I hope this has been helpful!

Laz

Hello, everyone.

I am very early into SD-WAN for ENCOR and Rene + my other resource mention that the vBond Orchestrator needs to have a public IP address.

I’ve asked some people regarding this and I just end up getting more and more confused.

The Cisco Learning Network says

vBond is the only SD-WAN component really need to be reachable with public IP address directly , other controllers such as vManage , vSmart, or even WAN Edges (vEdge & cEdge) can be in private networks.

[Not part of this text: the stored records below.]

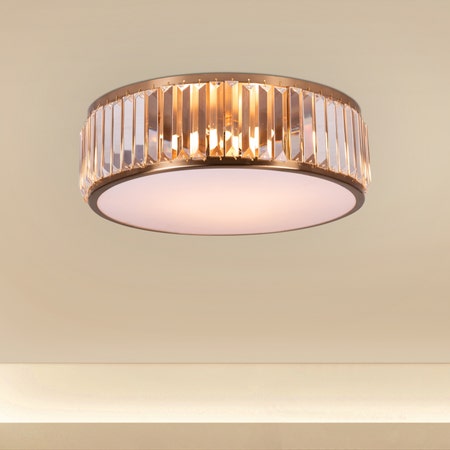 Matinee (Gold) Crystal Ceiling Light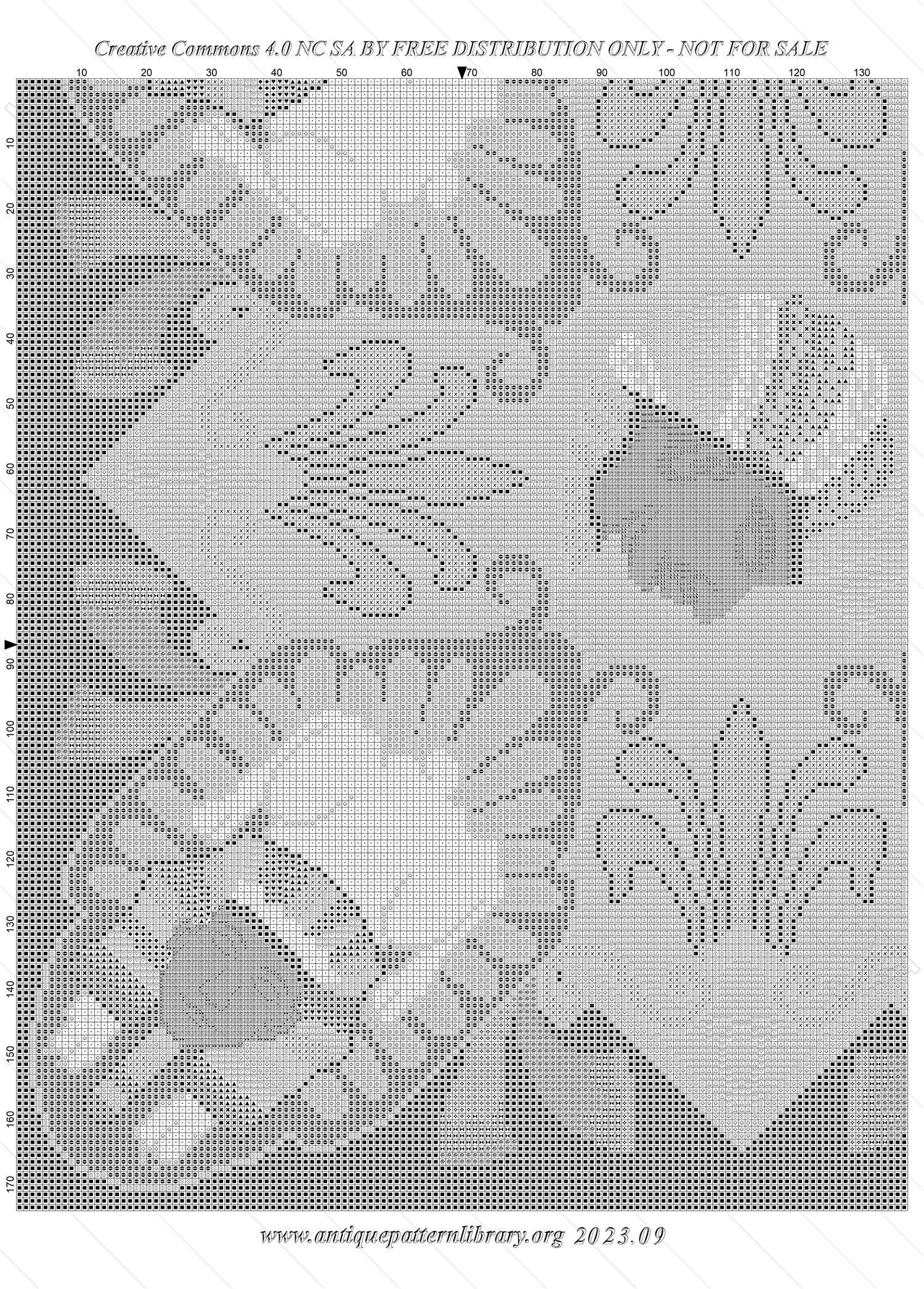A-MH080 Square design with Egyptian inspired motifs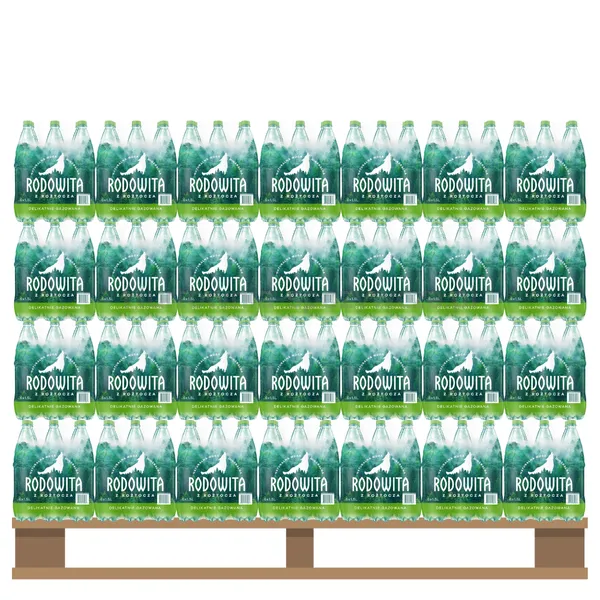 Rodowita Woda Delikatnie Gazowana 1,5L <br>(Paleta 456 szt.)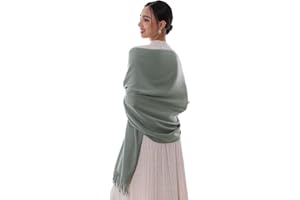 RIIQIICHY Schal Damen Stola festlich Fur abendkleid Pashmina Schals tücher für Frauen Winter Warme Schal Schultertuch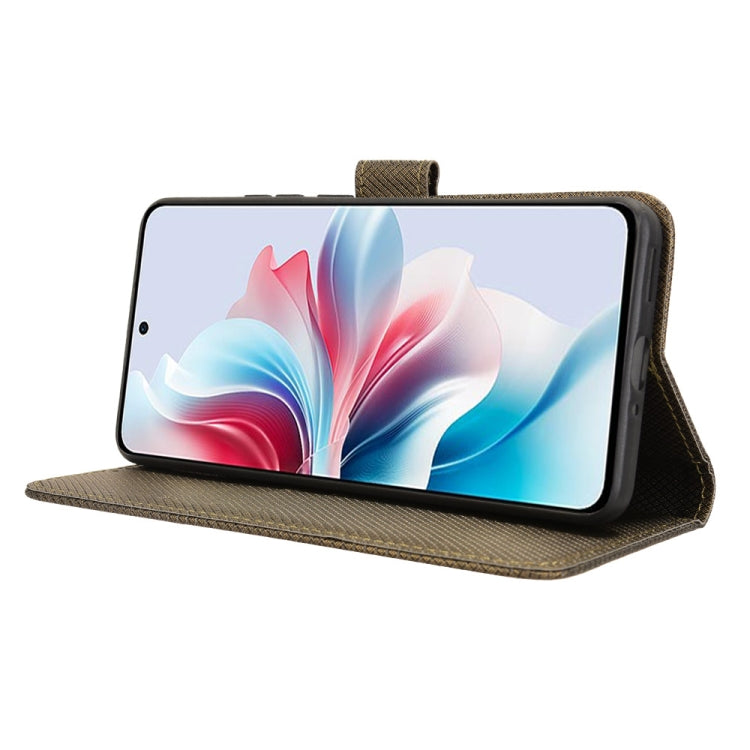 For OPPO Reno11 PJH110 Diamond Texture Leather Phone Case
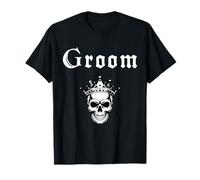 Teschio Alternativo di Wedding Wedding Witchcraft Emo Maglietta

vBond is responsible to provide public to private IP address mapping to all other components using STUN

What is a STUN server & client?

A STUN (Session Traversal Utilities for NAT) server

allows NAT clients (i.e. IP Phones behind a firewall) to set up phone calls to a VoIP provider hosted outside of the local network.

The STUN server allows clients to find out their public address, the type of NAT they are behind, and the Internet side port associated by the NAT with a particular local port.

This information is used to set up UDP communication between the client and the VoIP provider to establish a call.

The STUN protocol is defined in RFC 3489

The STUN server is contacted on UDP port 3478, however, the server will hint clients to perform tests on alternate IP and port numbers too (STUN servers have two IP addresses). The RFC states that this port and IP are arbitrary.

STUN is enabled on vBond to allow the tunnel interface to discover its public IP address and port number when the vEdge router is located behind a NAT (on vEdge routers only).

It’s not quite clicking for me here. I asked someone personally and they told me thisd:

Public IP address is a bit of a misnomer, there’s quite a few terms that don’t mean what you think they mean in the SDWAN architecture. There can’t be any NAT because the vBond is responsible for performing STUN operations to aid in NAT traversal for the other components and having any kind of address translation in the middle would mess with that process up. vBond doesn’t care whether an IP is public or not, we can run it over private if we have a routable private IP like with MPLS.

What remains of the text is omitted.